--- Data shown Enclosed Below ---

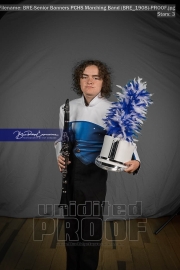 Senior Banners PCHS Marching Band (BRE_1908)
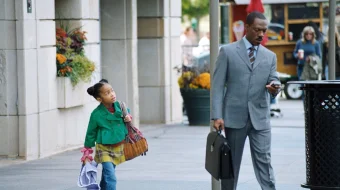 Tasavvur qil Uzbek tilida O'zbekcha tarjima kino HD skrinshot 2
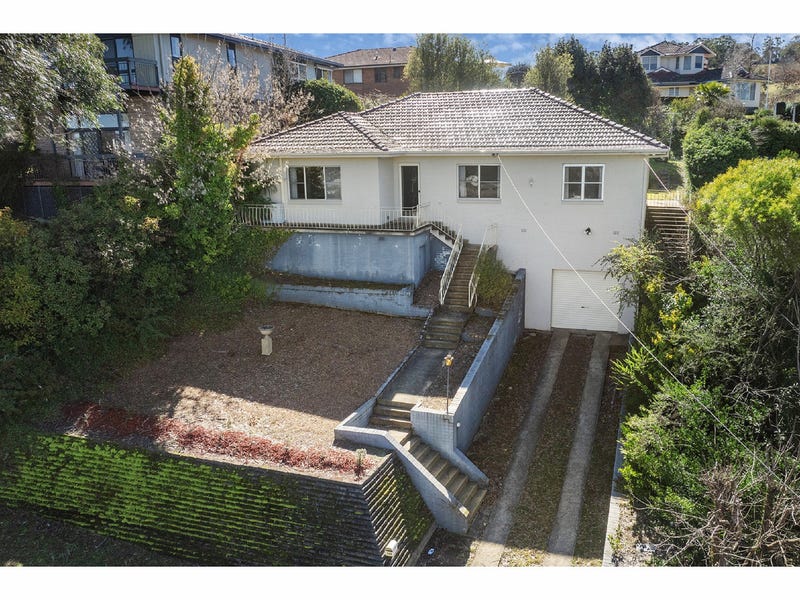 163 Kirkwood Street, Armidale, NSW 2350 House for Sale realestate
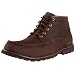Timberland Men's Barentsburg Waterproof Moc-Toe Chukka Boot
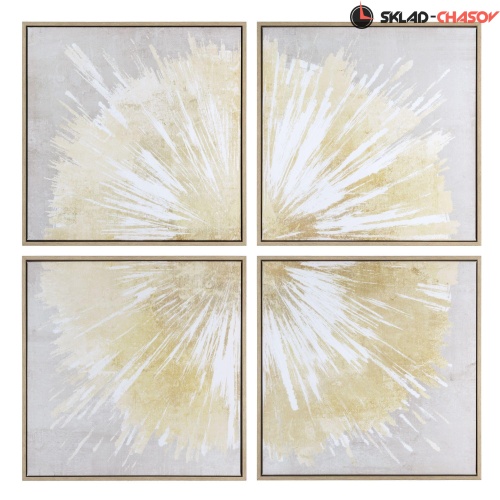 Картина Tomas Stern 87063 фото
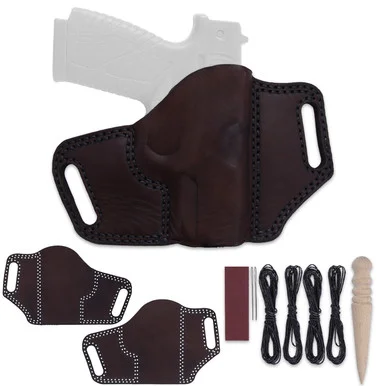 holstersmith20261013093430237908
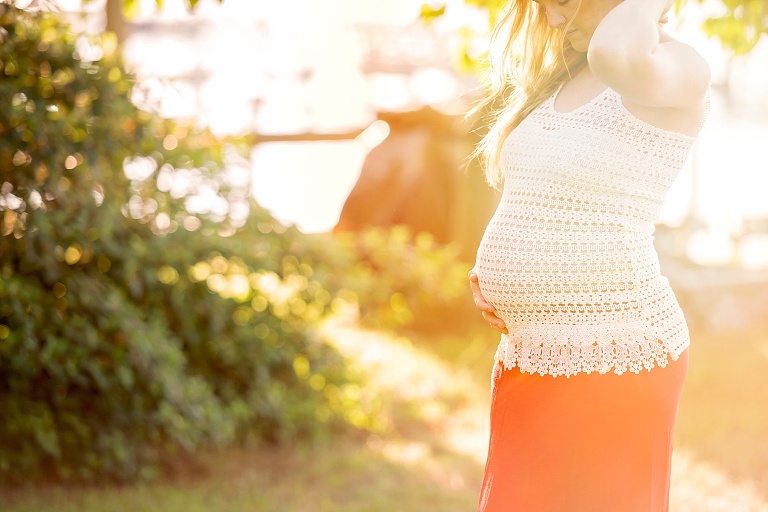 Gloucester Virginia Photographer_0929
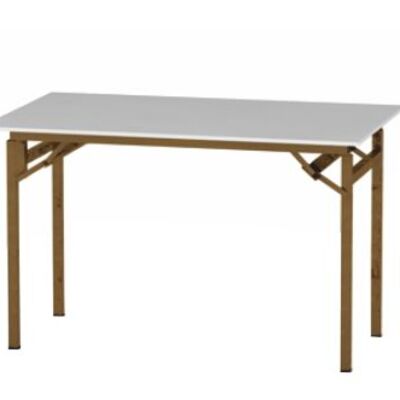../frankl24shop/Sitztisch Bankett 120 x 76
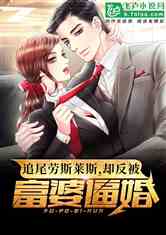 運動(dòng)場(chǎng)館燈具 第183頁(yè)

--- End of Enclosed Data shown ---

--- Task statement ---
Take the line that holds "163 Kirkwood Street, Armidale, NSW" as the start and the last line of the data as the end. Copy only those lines exactly, both ends included, except the pictures.

--- Written solution ---
 163 Kirkwood Street, Armidale, NSW 2350 House for Sale realestate
Timberland Men's Barentsburg Waterproof Moc-Toe Chukka Boot
 Картина Tomas Stern 87063 фото
 holstersmith20261013093430237908
 Gloucester Virginia Photographer_0929
../frankl24shop/Sitztisch Bankett 120 x 76
 運動(dòng)場(chǎng)館燈具 第183頁(yè)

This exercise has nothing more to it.